About 2/3 of the way through this book you may start to wonder if the three very distinct characters ever actually connect. Miles' is a terrific writer, able to lead the reader to care deeply about three very disparate characters whose stories are seemingly unconnected, outside of the overarching theme of waste and want that permeates the book.

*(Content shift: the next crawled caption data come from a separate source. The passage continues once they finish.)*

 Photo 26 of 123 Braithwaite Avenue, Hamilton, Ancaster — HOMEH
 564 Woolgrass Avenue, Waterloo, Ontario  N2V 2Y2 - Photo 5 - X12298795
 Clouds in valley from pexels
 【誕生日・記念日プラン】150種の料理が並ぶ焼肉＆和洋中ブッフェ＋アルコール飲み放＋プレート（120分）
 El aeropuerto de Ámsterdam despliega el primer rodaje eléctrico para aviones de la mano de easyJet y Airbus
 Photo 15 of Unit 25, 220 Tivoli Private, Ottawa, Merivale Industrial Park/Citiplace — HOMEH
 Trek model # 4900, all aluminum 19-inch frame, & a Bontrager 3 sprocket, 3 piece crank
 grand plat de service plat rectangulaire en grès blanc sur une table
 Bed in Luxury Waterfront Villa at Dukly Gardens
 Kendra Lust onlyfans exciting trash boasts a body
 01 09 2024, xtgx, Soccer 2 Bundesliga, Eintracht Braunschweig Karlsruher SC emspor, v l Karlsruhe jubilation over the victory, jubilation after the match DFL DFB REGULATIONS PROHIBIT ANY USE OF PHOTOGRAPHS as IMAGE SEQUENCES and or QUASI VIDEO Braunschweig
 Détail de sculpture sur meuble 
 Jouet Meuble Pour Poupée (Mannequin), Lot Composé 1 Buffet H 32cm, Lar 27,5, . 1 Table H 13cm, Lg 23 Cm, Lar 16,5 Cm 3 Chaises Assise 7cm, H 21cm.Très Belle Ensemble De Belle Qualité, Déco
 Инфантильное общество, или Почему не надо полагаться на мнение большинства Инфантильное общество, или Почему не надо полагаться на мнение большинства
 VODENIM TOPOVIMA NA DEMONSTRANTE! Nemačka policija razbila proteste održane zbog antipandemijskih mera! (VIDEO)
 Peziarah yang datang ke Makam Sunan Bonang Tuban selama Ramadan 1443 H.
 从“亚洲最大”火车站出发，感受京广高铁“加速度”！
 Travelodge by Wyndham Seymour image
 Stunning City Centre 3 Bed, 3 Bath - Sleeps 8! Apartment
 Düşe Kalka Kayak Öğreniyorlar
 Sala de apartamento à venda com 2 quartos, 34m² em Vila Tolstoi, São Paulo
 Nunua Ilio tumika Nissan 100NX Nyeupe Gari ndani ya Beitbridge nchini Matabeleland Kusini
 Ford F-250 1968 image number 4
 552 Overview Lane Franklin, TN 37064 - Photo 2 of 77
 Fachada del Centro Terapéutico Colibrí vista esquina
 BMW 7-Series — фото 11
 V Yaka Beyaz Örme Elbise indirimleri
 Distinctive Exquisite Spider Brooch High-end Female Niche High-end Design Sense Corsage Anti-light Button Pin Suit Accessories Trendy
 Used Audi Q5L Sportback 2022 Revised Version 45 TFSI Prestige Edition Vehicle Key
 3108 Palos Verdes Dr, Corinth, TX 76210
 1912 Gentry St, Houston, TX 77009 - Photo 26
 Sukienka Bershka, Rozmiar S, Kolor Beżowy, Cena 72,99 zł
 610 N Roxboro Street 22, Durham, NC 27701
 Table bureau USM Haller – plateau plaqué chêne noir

Stick with it, it's worth it. Miles' develops depth in his characters to a depth rarely seem in mainstream literature today. The joy in reading here is in getting to know these characters. Whether or not the storylines ever connect is sort of beside the point. ( )
  chrisodva | Apr 21, 2019 |
Enjoyed some of the flashbacks way more than the main timeline, but overall just couldn't get into it. ( )
  encephalical | Apr 9, 2018 |
Just didn't click, try again
  jimifenway | Nov 27, 2016 |
Smart, funny, angry and beautifully written, Want Not uses three interlinked stories to explore waste in all its forms. It's a breathtaking achievement, welding a fierce examination of the mindless way people keep or throw away things (and people), with complex and interesting characters and some propulsive plotting. ( )
  mjlivi | Feb 2, 2016 |
The majority of Jonathan Miles’ second novel, Want Not, is told in three separate stories – a freegan couple dealing with welcoming a third person into their squat; a washed up linguist, attempting to juggle a separation from his wife with his father’s worsening Alzheimer’s disease; and a blended family, made up of a 9/11 widow, the man she married for security and her angst-filled teenage daughter. Natural desire eventually pushes these starkly different characters toward one another, in a surprising conclusion.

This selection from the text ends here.